Open idontgetoutmuch opened 9 months ago
So with random-fu
I get
benchmarking Normal single sample monad bayes
time 171.3 μs (171.1 μs .. 171.6 μs)
1.000 R² (1.000 R² .. 1.000 R²)
mean 171.8 μs (171.5 μs .. 172.2 μs)
std dev 1.028 μs (566.3 ns .. 1.746 μs)
but with mwc-random
I get
benchmarking Normal single sample monad bayes
time 304.9 μs (304.3 μs .. 305.5 μs)
1.000 R² (1.000 R² .. 1.000 R²)
mean 305.1 μs (304.7 μs .. 306.0 μs)
std dev 2.089 μs (1.312 μs .. 3.365 μs)
@Shimuuar I don't know why this would be. The implementation in random-fu
is a bit opaque and uses a different algorithm (not the Doornik modified ziggurat method as far as I can see). I will try other distributions. This is just for information. No need to do anything.
Can you, instead of editing in place, copy the file Sampler/Strict.hs
to Sampler/StrictFu.hs
maybe? And then you have two sampler types, both of which you can import in the benchmark, and test against each other?

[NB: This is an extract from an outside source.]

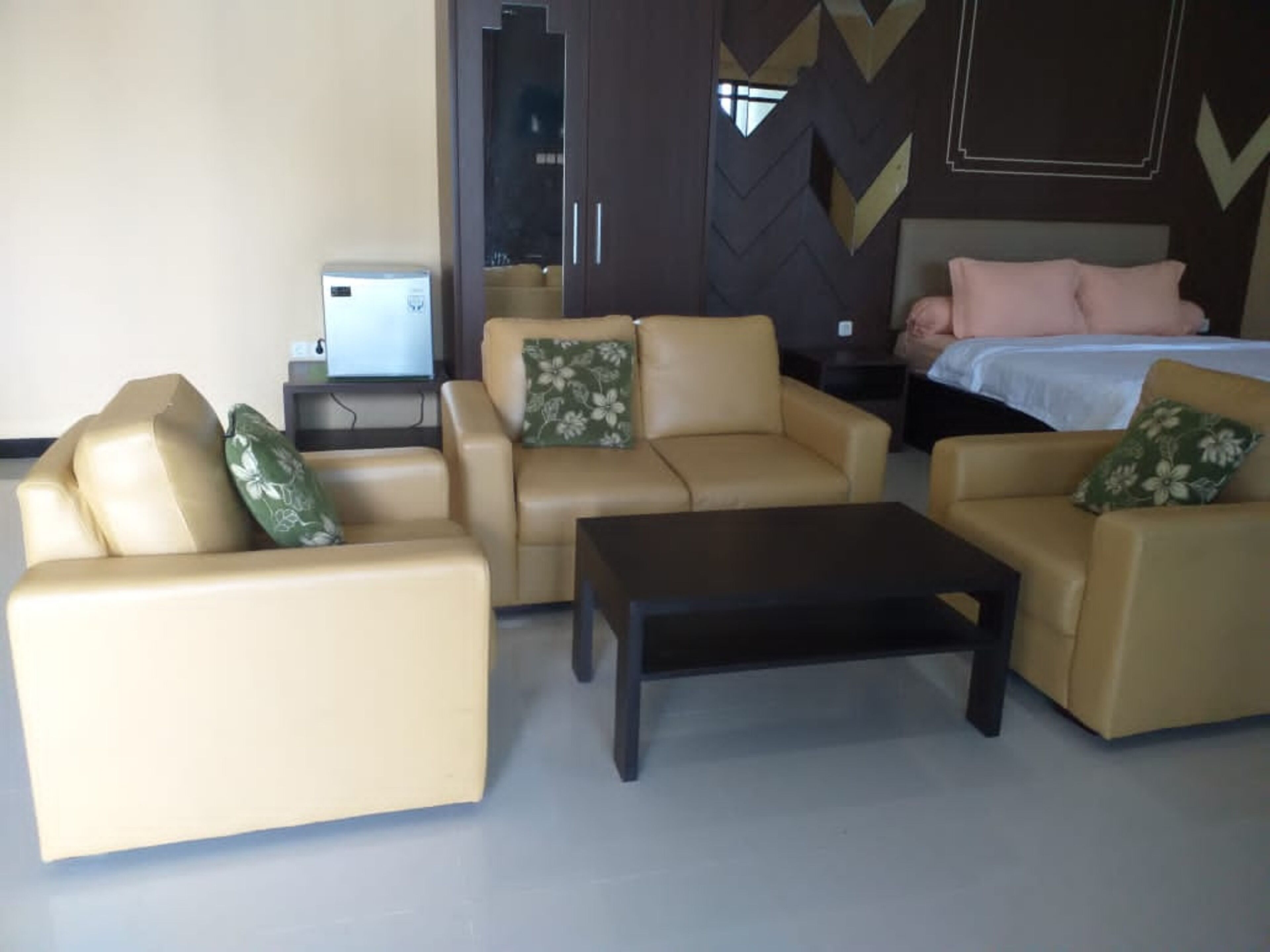 A hotel room with two beige sofas, a small table, a bed with a white bedspread and pink pillows, and a television on a stand.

Well this is mysterious. When I run both benchmarks in one program I get
cabal build speed-bench
speed-bench --match prefix Normal
Removing: speed-samples.csv
Removing: raw.dat
benchmarking Normal single sample monad bayes
time 21.92 μs (21.85 μs .. 22.02 μs)
1.000 R² (1.000 R² .. 1.000 R²)
mean 21.94 μs (21.90 μs .. 22.03 μs)
std dev 183.7 ns (126.4 ns .. 300.8 ns)
benchmarking Normal single sample monad bayes fu
time 112.4 μs (112.3 μs .. 112.5 μs)
1.000 R² (1.000 R² .. 1.000 R²)
mean 112.4 μs (112.3 μs .. 112.6 μs)
std dev 412.1 ns (273.1 ns .. 674.6 ns)
I wonder what the benchmark is actually measuring.
@turion I didn't try your suggestions yet and went back to basics. I have
{-# LANGUAGE ImportQualifiedPost #-}
{-# OPTIONS_GHC -Wall -Wno-type-defaults #-}
import Data.Random qualified as RF
import System.Random.MWC.Distributions qualified as MWC
import System.Random.Stateful (mkStdGen, newIOGenM)
import Criterion.Main
( Benchmark,
bench,
defaultConfig,
defaultMainWith,
nfIO,
)
import Criterion.Types (Config (csvFile, rawDataFile))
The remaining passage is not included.